Architects Create a 3-D Printed Column That Survives Earthquakes
Joyce Park stashed this in Arts
Certain shapes are more resistant to earthquake stresses than others, but they are difficult to achieve without 3D printing. This one is especially cool because it was inspired by historical examples.
It's also cool because it turns out to be stronger than they predicted:
The aptly named Quake Column is a knurled pillar of 3-D printed concrete that combines an ancient Incan masonry technique with state-of-the-art manufacturing tools to create a structure that can withstand seismic shocks without mortar or rebar. In this system, bricks are designed in CAD tools to fit together like a 3-D puzzle and then printed in cement. Once assembled, interlocking features make the column resistant to earthquakes by preventing horizontal movement.

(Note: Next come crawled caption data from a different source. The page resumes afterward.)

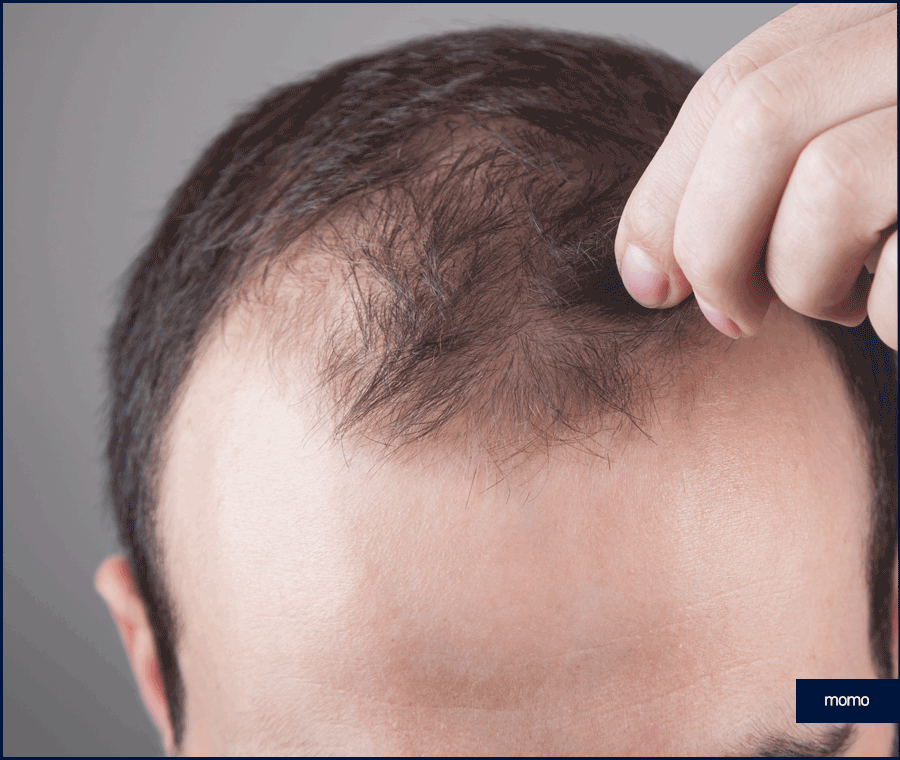 엠자탈모 약 진단과 처방으로 효과보기 위한 관련 이미지 4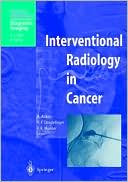 Interventional Radiology in Cancer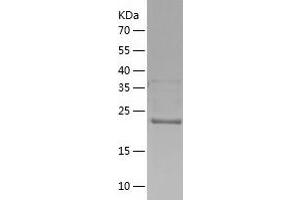 Western Blotting (WB) image for Interleukin 21 Receptor (IL21R) (AA 20-232) protein (His tag) (ABIN7123573) (IL21 Receptor Protein (AA 20-232) (His tag))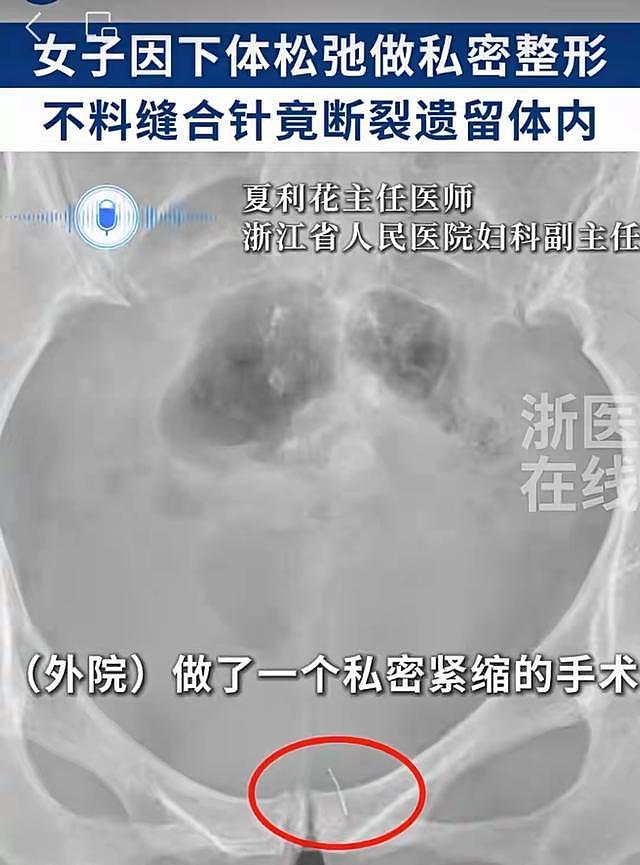 被吓到！35岁陈女士，花几万块买私处“紧致”，结果针断在里面了（组图） - 2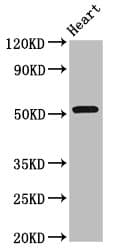 RGS6 Antibody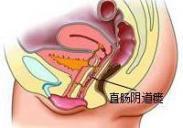 直肠阴道瘘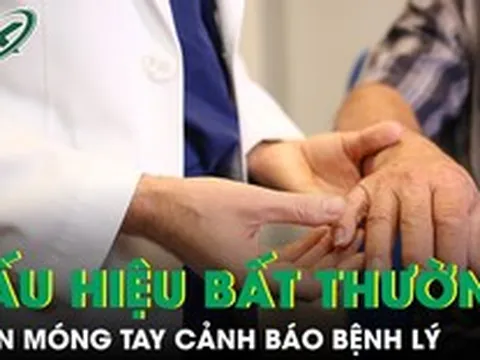 6 dấu hiệu bất thường ở móng tay có thể cảnh báo bệnh lý nguy hiểm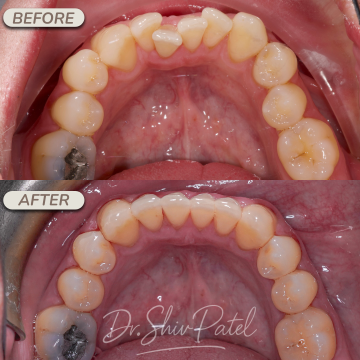 LOWER INVISALIGN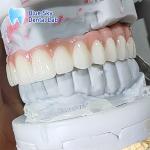 Artificial Dental Implant Case Multiple Sterilization Implant Cases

It’s an interesting proof of concept, but utilizing a 3-D printer, rather than traditional ceramic manufacturing technique also unlocked a host of other advantages. The bricks are hollow, creating a high strength-to-weight ratio. Each brick is printed with a code that explains to the mason how the bricks should be configured. Molded handles in each brick make on-site assembly as easy as snapping together Legos. And according to the architect’s calculations, this technique could be used to fabricate building code compliant, load-bearing walls.
“While this was an experiment in connectivity, we have been able to create 3-D printed parts that are much stronger than reinforced concrete in compression,” says architect Ronald Rael. “We are also working on increasing the tensile strength of our materials using reinforcement fibers.”